• **Given records**:
[Start of Attachment]

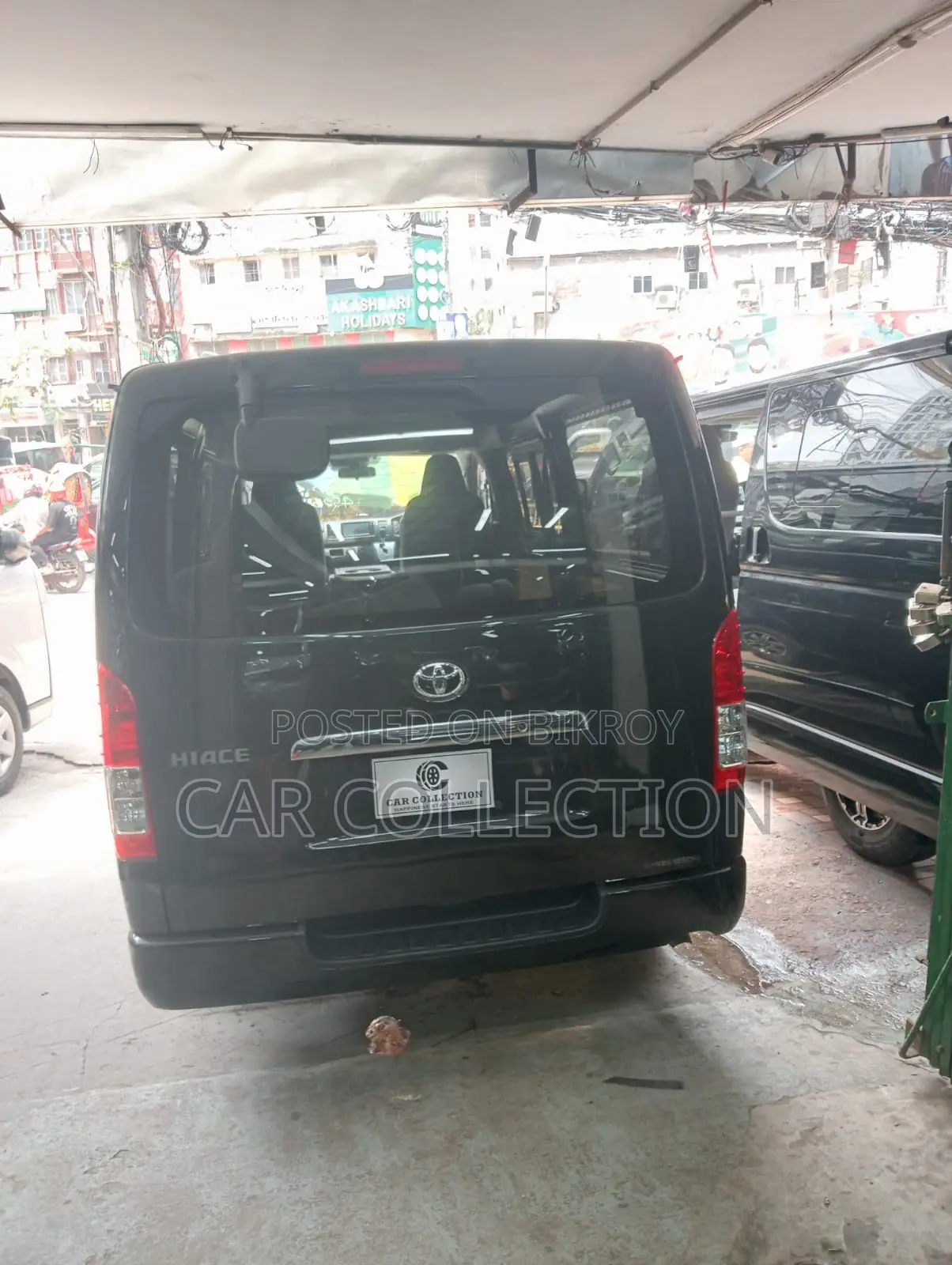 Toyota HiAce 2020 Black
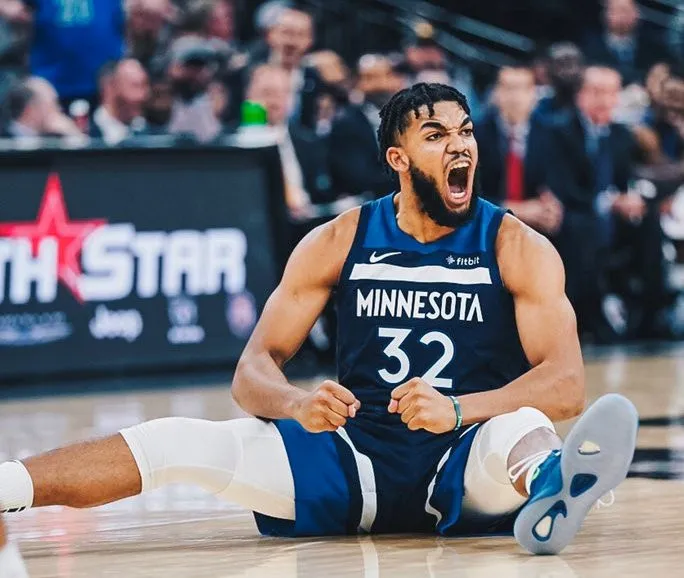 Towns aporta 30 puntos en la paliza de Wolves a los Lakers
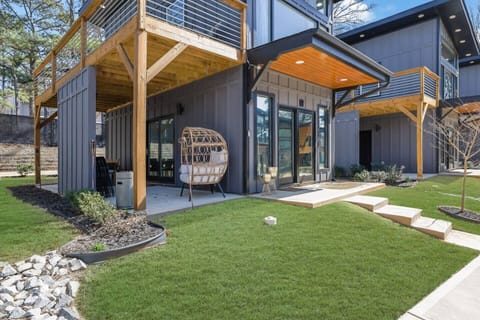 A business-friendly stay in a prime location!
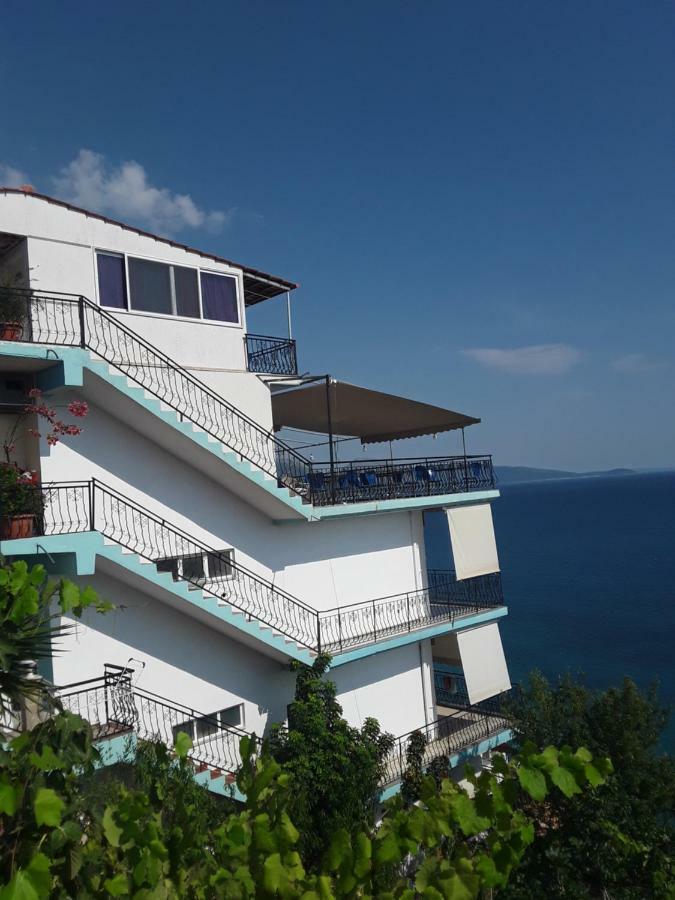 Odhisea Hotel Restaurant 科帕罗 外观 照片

[End of Attachment]
[Start of Attachment]

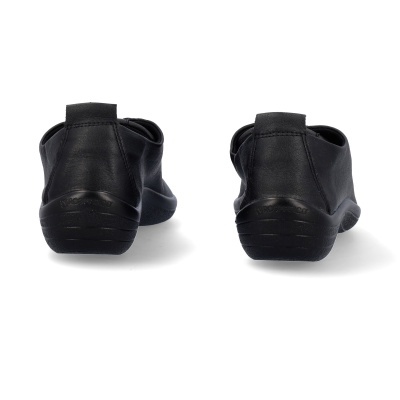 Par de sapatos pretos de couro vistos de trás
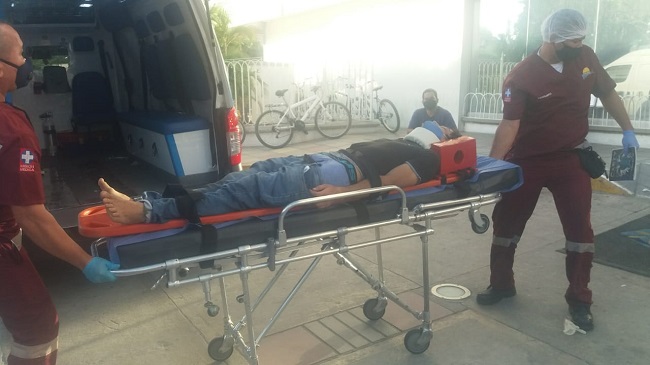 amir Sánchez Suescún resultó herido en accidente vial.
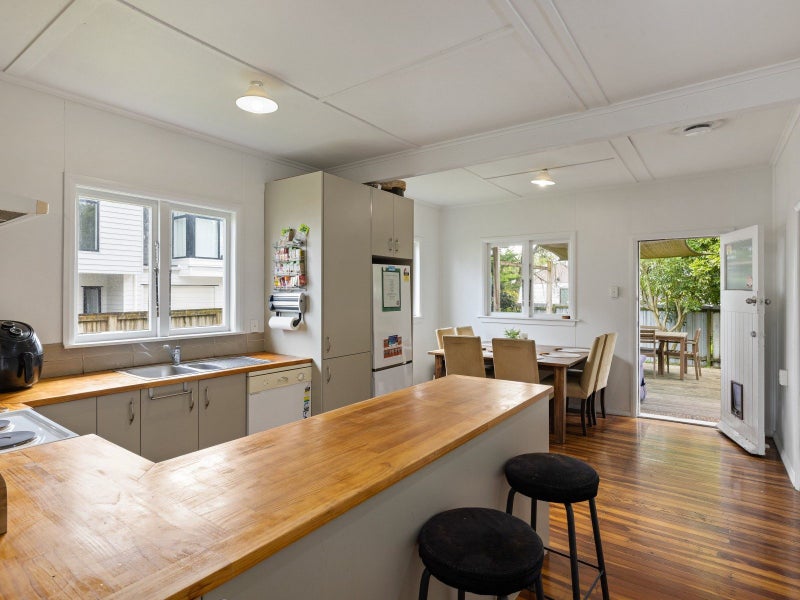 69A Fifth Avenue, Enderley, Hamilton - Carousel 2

[End of Attachment]
[Start of Attachment]

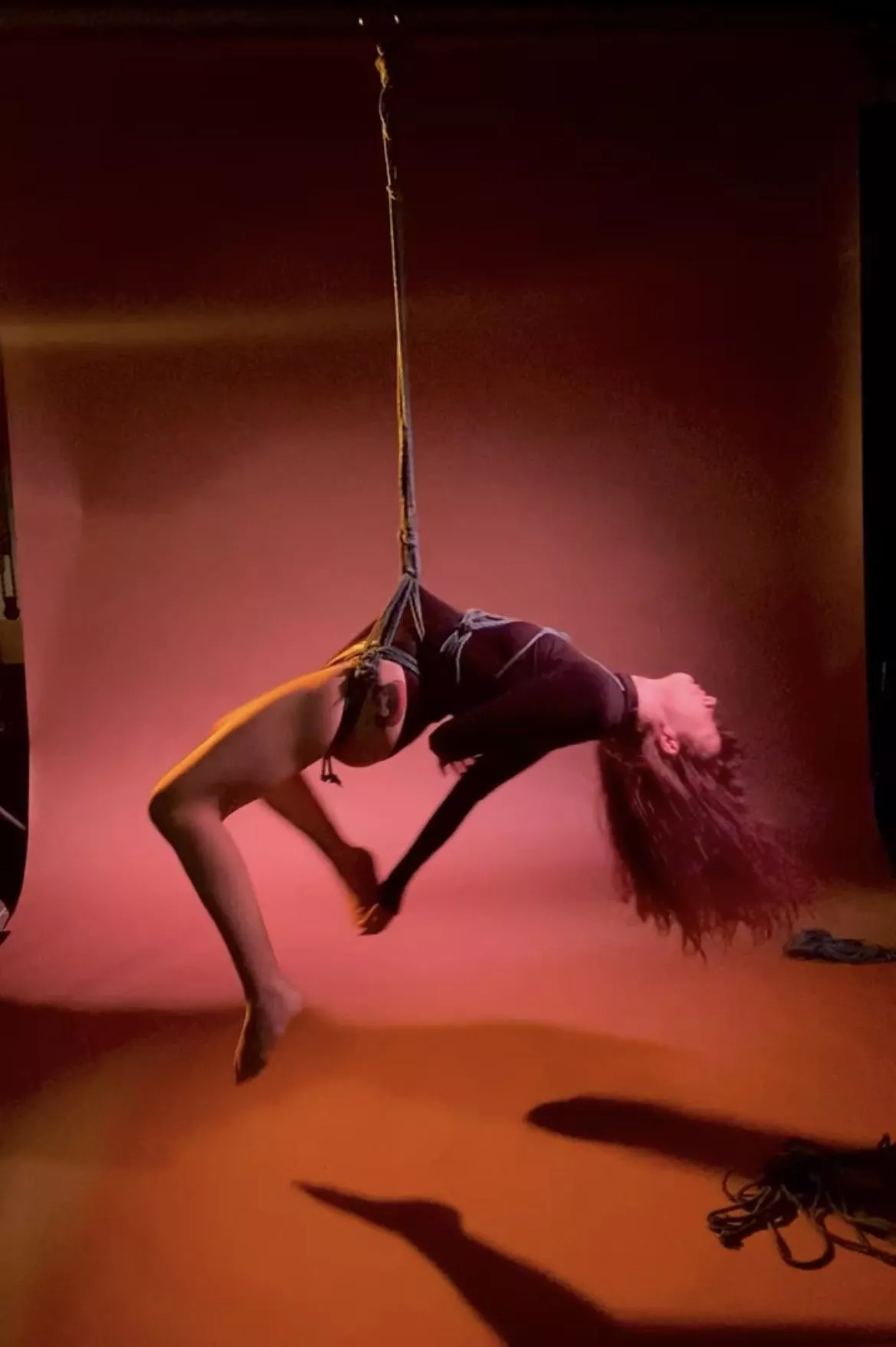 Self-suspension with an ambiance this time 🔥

[End of Attachment]

• **Your goal**: Look above for the line with "Par de sapatos" and the line with "69A Fifth Avenue, Enderley, Hamilton". Copy them and every line between, exactly, but no pictures.

• **Your response**:
 Par de sapatos pretos de couro vistos de trás
 amir Sánchez Suescún resultó herido en accidente vial.
 69A Fifth Avenue, Enderley, Hamilton - Carousel 2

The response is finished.